## GIVEN MATERIAL
Start of Block

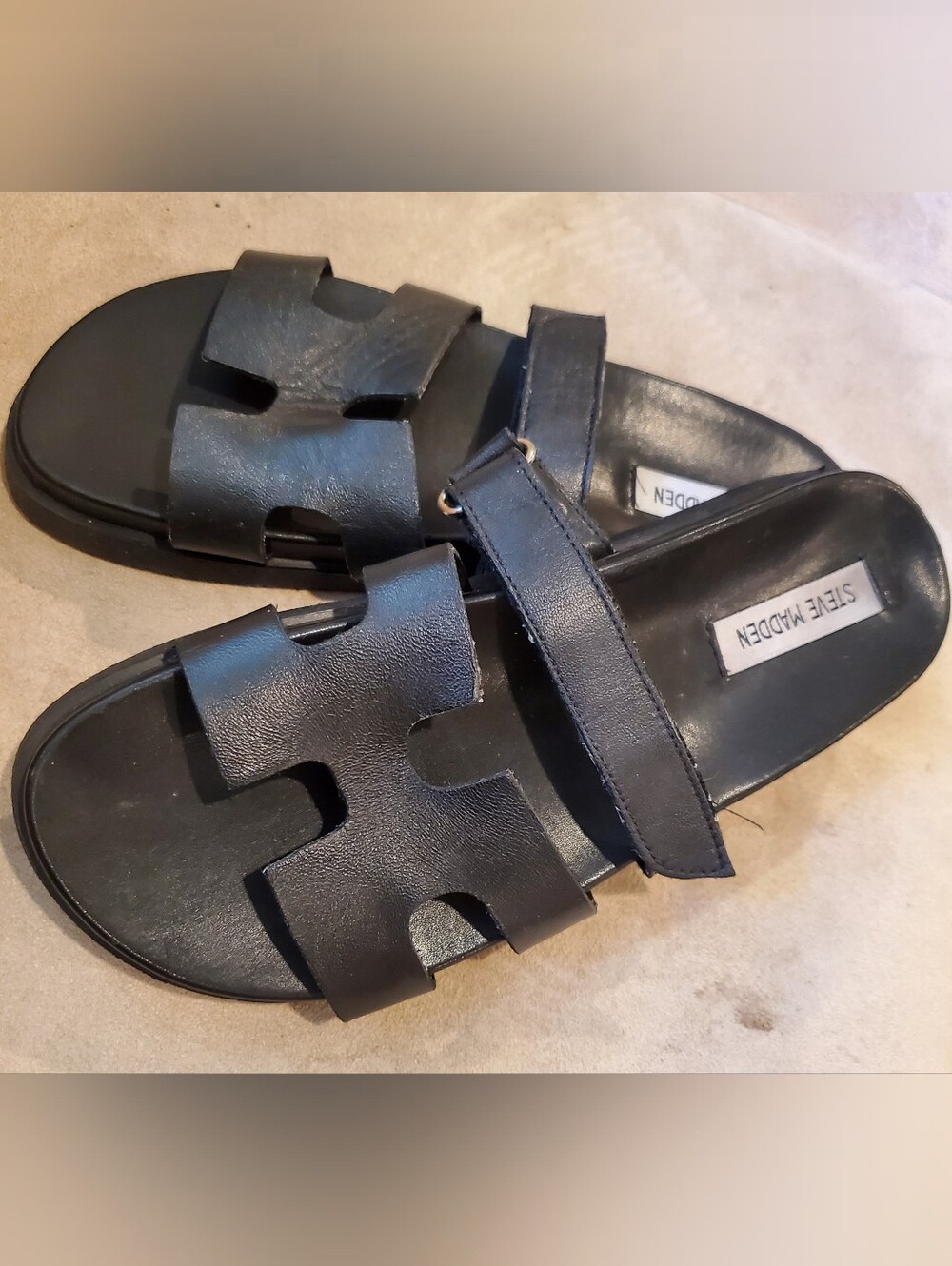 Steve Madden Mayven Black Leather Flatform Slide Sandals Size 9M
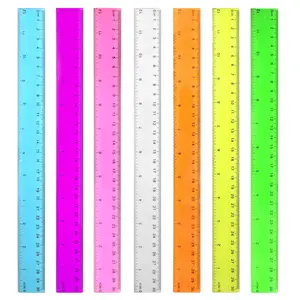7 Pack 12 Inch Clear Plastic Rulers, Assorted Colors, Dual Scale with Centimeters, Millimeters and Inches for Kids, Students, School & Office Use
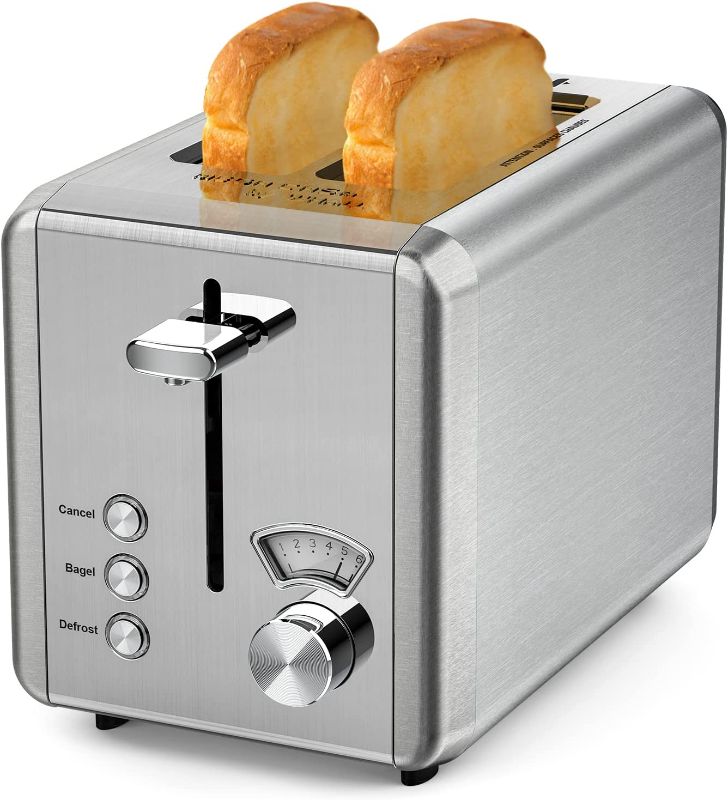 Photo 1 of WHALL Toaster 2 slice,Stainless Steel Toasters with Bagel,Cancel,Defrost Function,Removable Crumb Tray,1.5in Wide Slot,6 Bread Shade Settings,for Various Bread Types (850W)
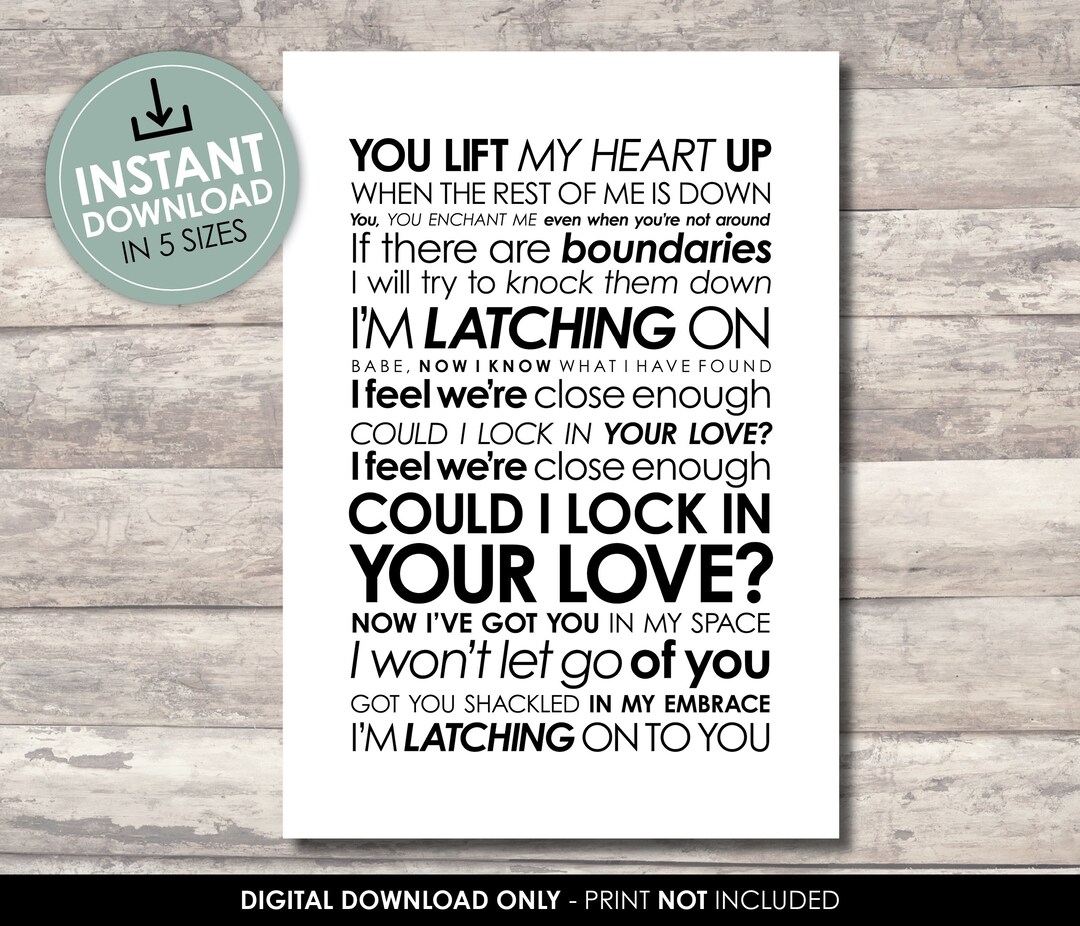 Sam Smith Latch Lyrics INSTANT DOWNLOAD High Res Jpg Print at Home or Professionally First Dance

End of Block

## WORK REQUEST
Repeat only what lies between the start of the data and the end of the line containing "7 Pack 12 Inch", exactly, with pictures left out.

## SOLVED PROBLEM
 Steve Madden Mayven Black Leather Flatform Slide Sandals Size 9M
7 Pack 12 Inch Clear Plastic Rulers, Assorted Colors, Dual Scale with Centimeters, Millimeters and Inches for Kids, Students, School & Office Use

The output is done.